When we call it “tech debt” and say it “slows us down”, we’re not holding ourselves to be precise. This makes it really easy to do something I see engineers do all the time, and I was guilty of early in my career too: “tech debt” becomes the parts of the system we would make more elegant if we had time to do them over. It’s easy to look at a finished solution and imagine how we could do it better, especially if the business problems we’re working on aren’t very technically interesting. We start getting frustrated by the gap between how the system is and how awesome it could be, and we start saying it’s “slowing us down”. But in truth, we’re just feeling bored and dissatisfied with the aesthetics of the status quo. “It could be better” is always true, and so it is also useless and irrelevant. Is it good enough is a useful question, because it has a yes or no answer.
“Is it good enough?” against what criteria? Our business goals, of course! And this is how we change a useless conversation about “technical debt” into a useful conversation that gets engineering and stakeholders to both agree on the right investments: make sure you have a clear, measurable list of the business goals you are being asked to achieve. If you cannot achieve them, then explain why:
We cannot deliver that feature this year with the people we have, because we currently spend 8 hours a week on these manual tasks we neglected to automate. If we spend 200 engineer-hours building the automation, that will recover the 8 hours a week or 200 hours this year and 400 each year after, but in the immediate term that will delay our schedule by approximately 4 weeks.

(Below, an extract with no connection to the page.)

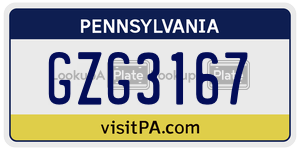 GZG3167  license plate in PA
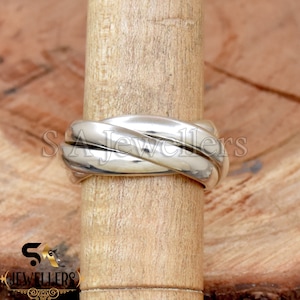 Four Interlocked Ring, 925 Sterling Silver Ring, 4 Band Rolling Ring, Multi Band Rings, Handmade Ring, Dainty Ring, Wedding Ring, Thumb Ring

Now that’s an accounting we can use to make decisions. We can all agree on the facts and discuss the pros and cons. It doesn’t get into any useless details about architecture or whatever “-ility” we wish our system had more of. Here’s some other examples:
“The system can only serve X load before Y tangible impact occurs. If our goal is to serve Z load by D date, we have to spend N engineering hours to add that capacity.”
“The system has X security vulnerability. If it is exploited, the cost of the impact would be Y in real terms and Z in reputation and trust. An attacker would need to achieve Foo to be able to exploit it. It will cost us N engineering hours to close the gap.”
TL;DR - don’t say “tech debt”, work backwards from your business goals and if you can’t achieve any of them, just say the actual specific reason why and what you need to fix that specific reason.